Smith, 57, has certainly had a glamorous makeover with a new look that’s a far cry from her Westminster years. This year’s other mature contestants are actress Caroline Quentin, 60, and comedian Bill Bailey, 55. This trio will be in a mini-contest of themselves. Quentin has the most dance experience, albeit decades ago, but Bailey will add entertainment value.
How will Strictly’s first same-sex couple work?
Former Olympic boxer Nicola Adams will be the first ever contestant to have a same-sex dance partner – although it hasn't yet been revealed who that will be. It’s now a case of looking forward to who she's paired with, whether their chemistry fizzes, and how they’re styled and choreographed together. A Rocky routine in Movie Week feels inevitable.

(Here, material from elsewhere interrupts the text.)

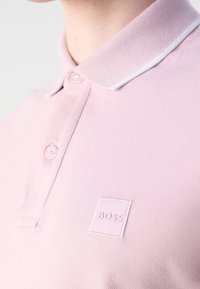 Polo rose clair avec deux boutons et un petit logo "BOSS" sur le côté gauche de la poitrine, porté par une personne.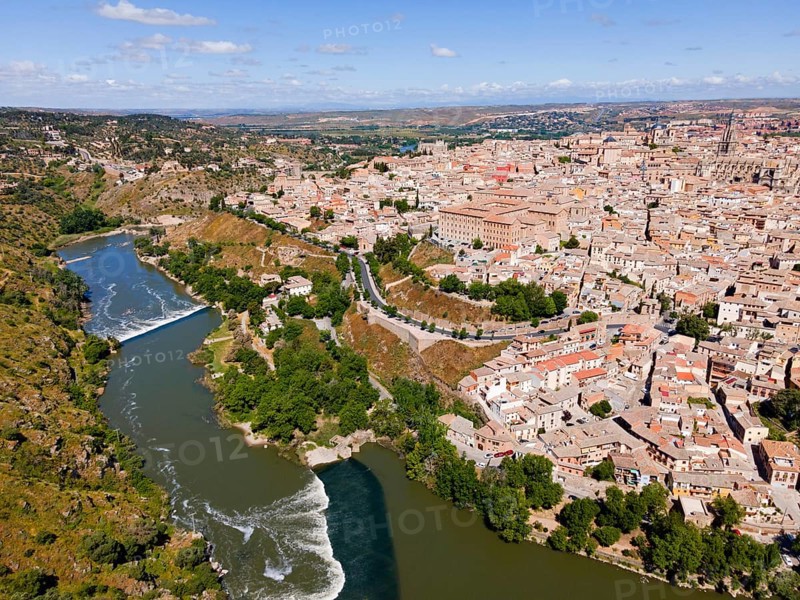 Aerial view of a city with many houses with a river flowing through it, with a bridge and hilly landscape, aerial view, Toledo, River Tagus, Castilla-La Mancha, Spain, Europe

Are HRVY and Max George OK?
Who? They’re two of the “celebrity” males and both are concerns in different ways. Vowel-averse YouTuber and pop singer HRVY (real name Harvey Cantwell) tested positive for Covid-19 a fortnight ago but is now virus-free, fully recovered and able to take part.
Meanwhile, Max George from boyband The Wanted was last week rocked by the tragic news that his former bandmate Tom Parker, 32, has been diagnosed with an inoperable brain tumour. Max posted a lengthy tribute to his “brother, friend and bandmate”, vowing to support Tom all the way. Expect poignant VTs and emotional routines.
Who will win the glitterball trophy?
The youngsters, as is often the case, are the hot bookies’ tips. EastEnders actress Maisie Smith, 19, won the Strictly Children In Need Special last year and has dance training (so expect the traditional cries of “Ringer!”). She’s been installed as favourite, followed by 21-year-old HRVY. Max George, retired American footballer Jason Bell and Radio 1 DJ Clara Amfo could also enter contention.
Will the dancing be of a lower standard this year?
The field is smaller and the series shorter than we’re used to. There are 12 hopefuls instead of 15, while the contest runs for nine weeks rather than 13. This does mean less time for celebrities to improve and go on a “journey™”.
However, the fact that couples will be isolating together with fewer distractions and other commitments should mean they train even harder to compensate. Hopes are high that standards will be maintained. Forget the world outside. Test negative, stay positive and let’s dance.